Verifier Scoring
This guide explains what Dramatica verifies, what it does not verify, and how to interpret verifier outputs during generation and revision.
What we verify
Dramatica verifies narrative intent alignment against the intended Storyform using:
- Throughline alignment checks
- Dynamic consistency checks
- Storybeat advancement checks
- Structural constraint checks for Storyform coherence
What we do not verify
Dramatica does not directly score:
- prose style quality
- literary originality
- market fit
- voice preference
These are best handled by human judgment or separate graders.
How scoring works
Verifier outputs are split into two classes:
Constraints
Constraint checks act like compiler errors. A candidate can be rejected when it violates non-negotiable Storyform requirements.
Soft scores
Soft scores report degree of alignment across dimensions, such as:
- Throughline Alignment
- Dynamic Consistency
- Storybeat Advancement
These scores support ranking and revision, not style conformity.
How to interpret score movement
Interpretation should be relative within a controlled run:
- A positive change (for example
+0.12) means stronger alignment with intended narrative intent on that dimension. - A negative change indicates drift or contradiction relative to the specification.
- Flat scores across multiple iterations can signal local minima or insufficient candidate diversity.
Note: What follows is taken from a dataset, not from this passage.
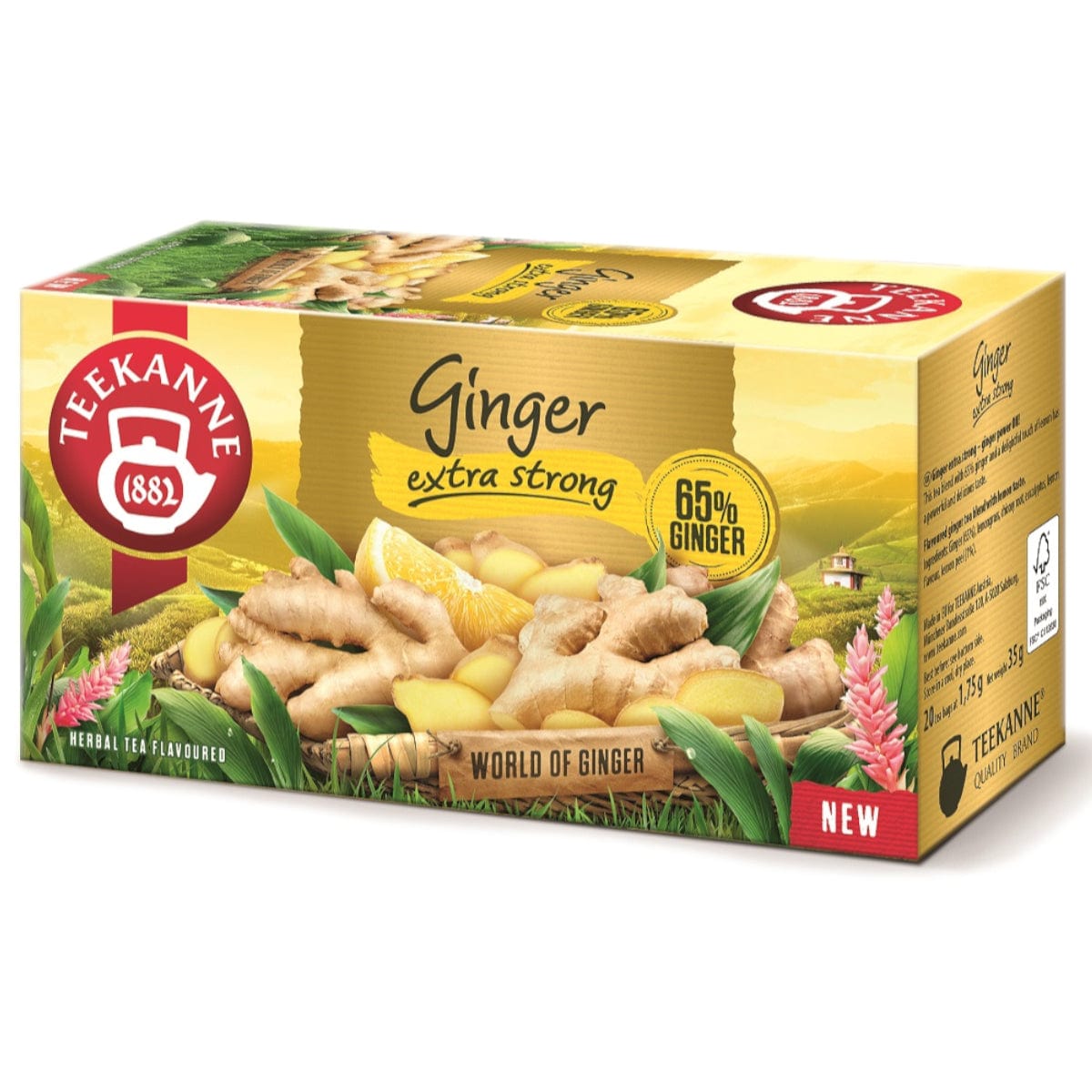 Produkt TEEKANNE Herbata ziołowa TEEKANNE Herbata ziołowa z imbirem Ginger Extra Strong 20szt 000636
Use score changes with qualitative inspection. Do not treat any single number as a full judgment of writing quality.
Common failure modes
Structurally valid but narratively flat
The draft may satisfy constraints while reading as emotionally inert. Keep verifier checks, then broaden candidate diversity and apply human taste filters.
Overfitting to structure
Drafts can become rigid when revision targets score movement without expressive variance. Preserve diverse candidates in selection.
Throughline leakage
Main Character and Influence Character pressures may blend in language even when structure seems intact. Treat this as an alignment failure and revise at the beat level.
Repetitive advancement
Storybeats can appear to advance numerically while repeating the same conflict expression. Add semantic progression checks in review.